(Image-caption web data)
Start of Block
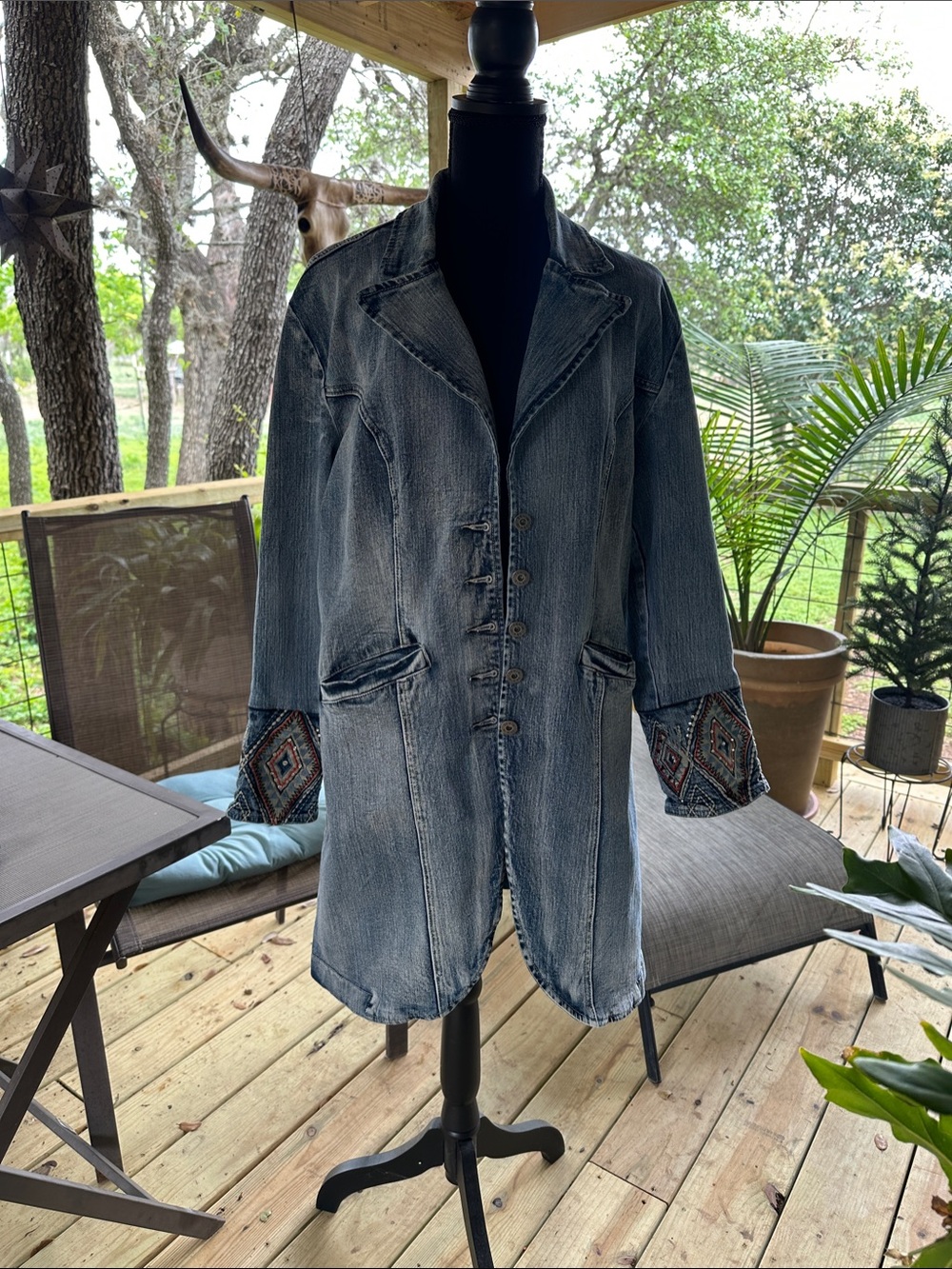 Washed Blue Denim Long Jean Jacket with Embroidered Cuffs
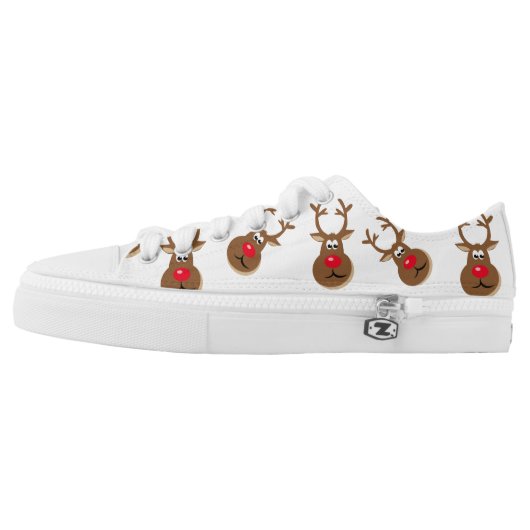 Christmas Deer Low-Top Sneakers (Left Shoe Outside)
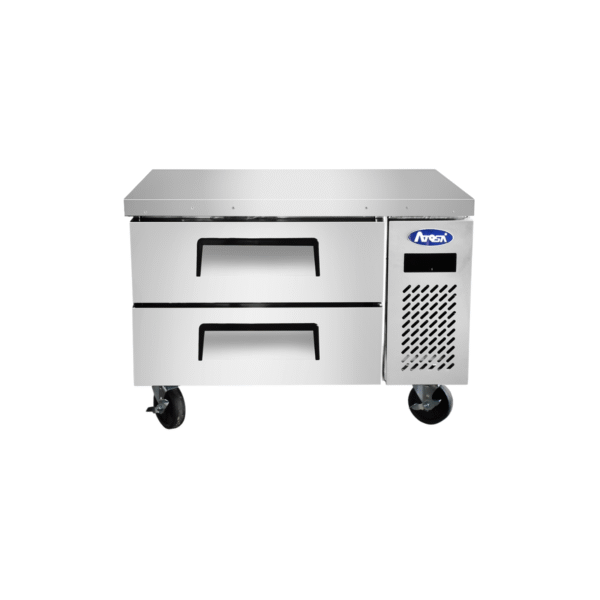 Front view 36-inch stainless steel chef base with drawers.
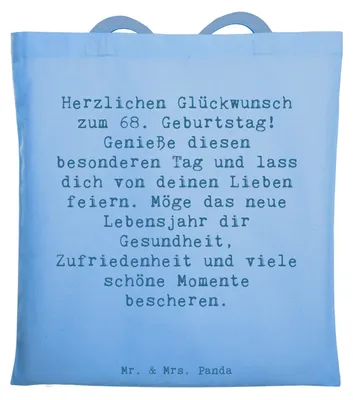 Produktbild von Mr. & Mrs. Panda Tote Bag Spruch 68. Geburtstag Freude - Sky Blue - Geschenk, von deinen Lieben feiern, Shopping Tasche, Jutebeutel, Schultasche, Happy Birthday, Alter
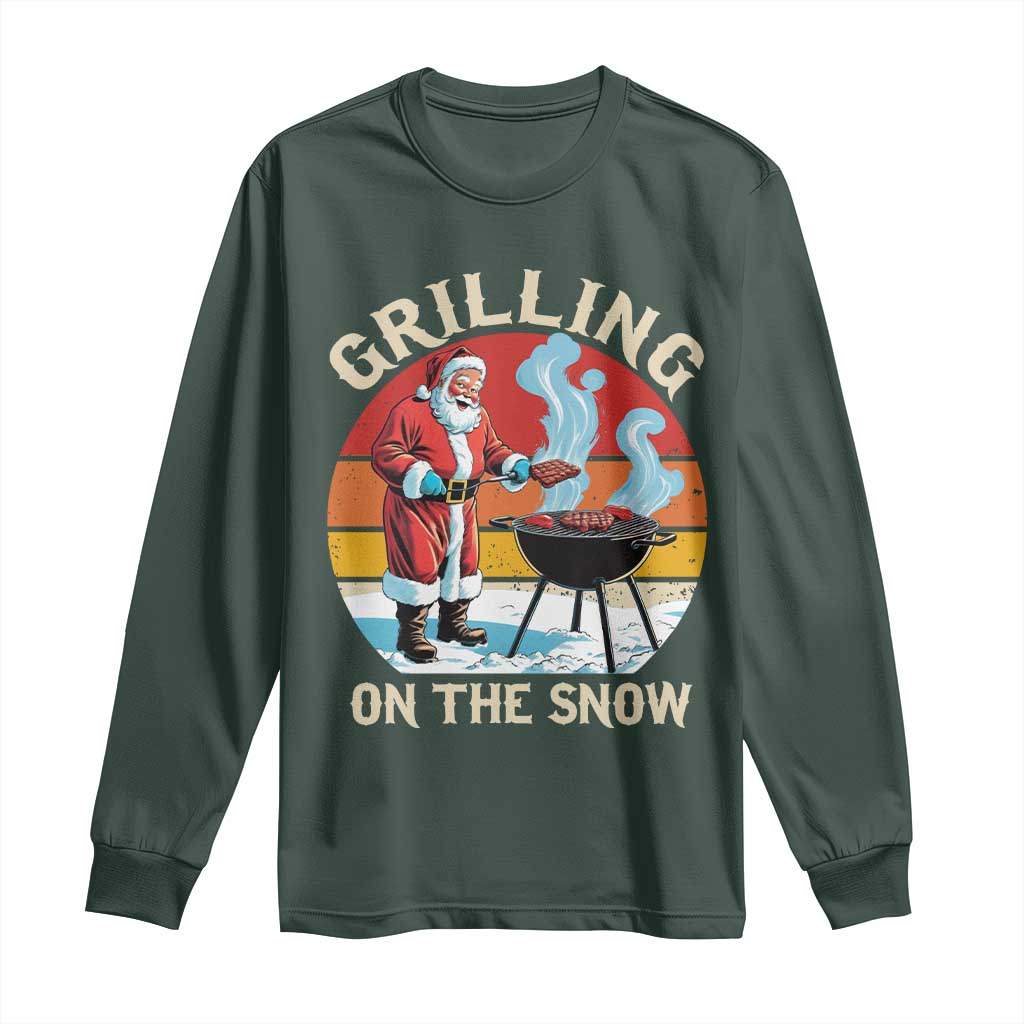 Funny Christmas Grilling Santa Long Sleeve Shirt Grilling On The Snow TS11 Dark Forest Green Print Your Wear
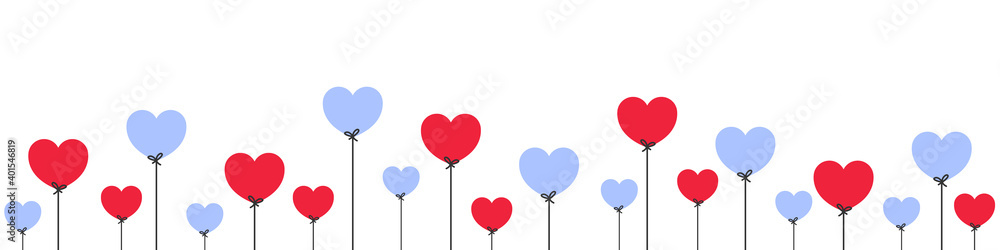 Hearts flying on white background. Vector symbols of love for Happy Women's, Mother's, Valentine's Day, birthday greeting card design. Trendy design. Vector illustration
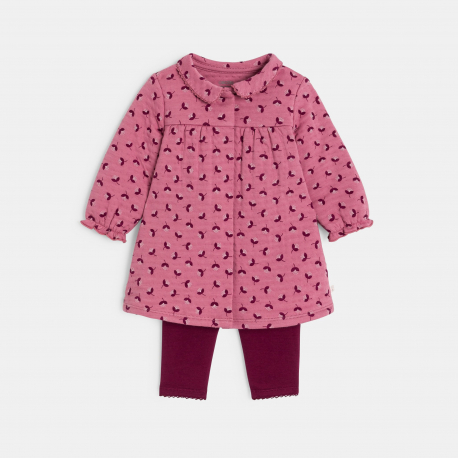 Obaibi Φόρεμα βαμβακερό με ιδιαίτερο φλοράλ σχέδιο και ροζ κολάν για μωρά κοριτσάκια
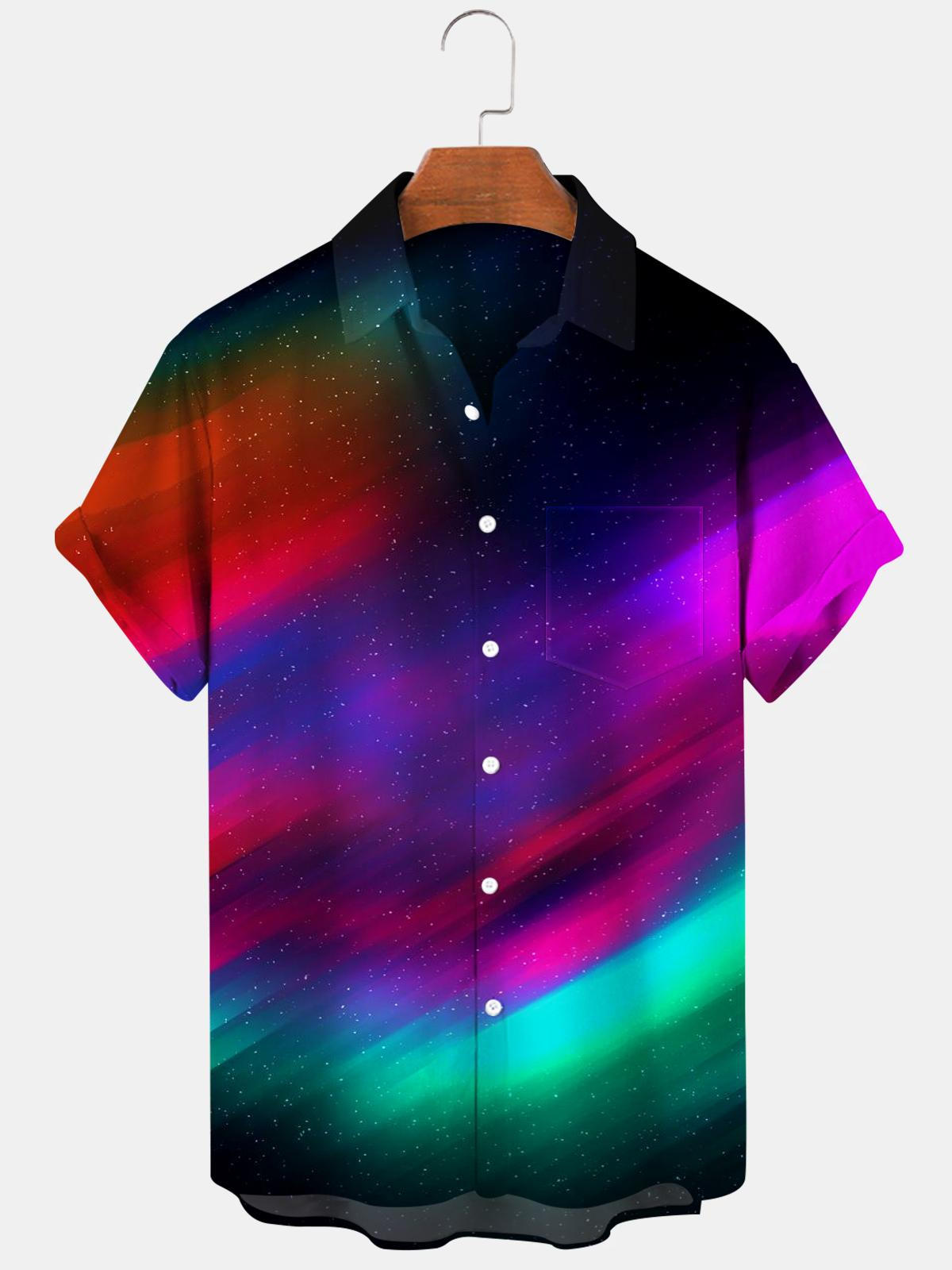 Abstract Men's Shirts With Pocket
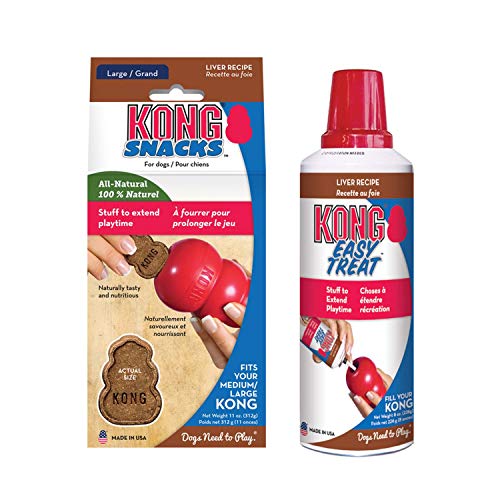 KONG - Treats Combo Pack - Easy Treat Paste and Dog Snacks - Liver Flavor for Large Dogs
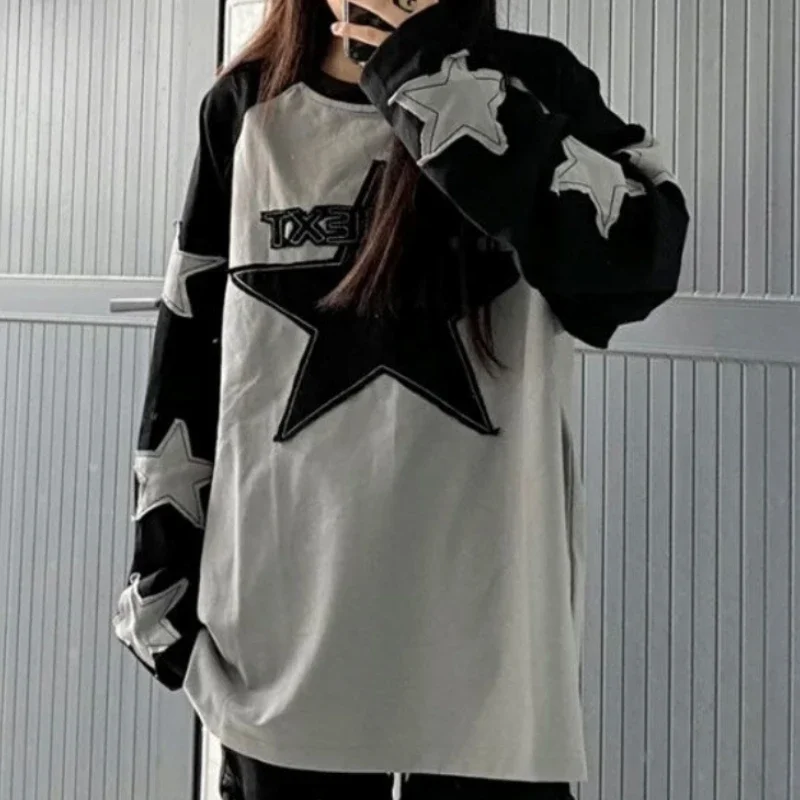 Kpop Harajuku Star Grey Sweatshirt Women Y2K Hippie Grunge Patchwork Letter Hoodie Korean Oversize Long Sleeve Tshirts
End of Block
▸ **Goal of the exercise**
All of the lines above should be copied exactly, apart from the pictures.

▸ **Answer to the exercise**
 Washed Blue Denim Long Jean Jacket with Embroidered Cuffs
 Christmas Deer Low-Top Sneakers (Left Shoe Outside)
 Front view 36-inch stainless steel chef base with drawers.
 Produktbild von Mr. & Mrs. Panda Tote Bag Spruch 68. Geburtstag Freude - Sky Blue - Geschenk, von deinen Lieben feiern, Shopping Tasche, Jutebeutel, Schultasche, Happy Birthday, Alter
 Funny Christmas Grilling Santa Long Sleeve Shirt Grilling On The Snow TS11 Dark Forest Green Print Your Wear
 Hearts flying on white background. Vector symbols of love for Happy Women's, Mother's, Valentine's Day, birthday greeting card design. Trendy design. Vector illustration
 Obaibi Φόρεμα βαμβακερό με ιδιαίτερο φλοράλ σχέδιο και ροζ κολάν για μωρά κοριτσάκια
 Abstract Men's Shirts With Pocket
 KONG - Treats Combo Pack - Easy Treat Paste and Dog Snacks - Liver Flavor for Large Dogs
 Kpop Harajuku Star Grey Sweatshirt Women Y2K Hippie Grunge Patchwork Letter Hoodie Korean Oversize Long Sleeve Tshirts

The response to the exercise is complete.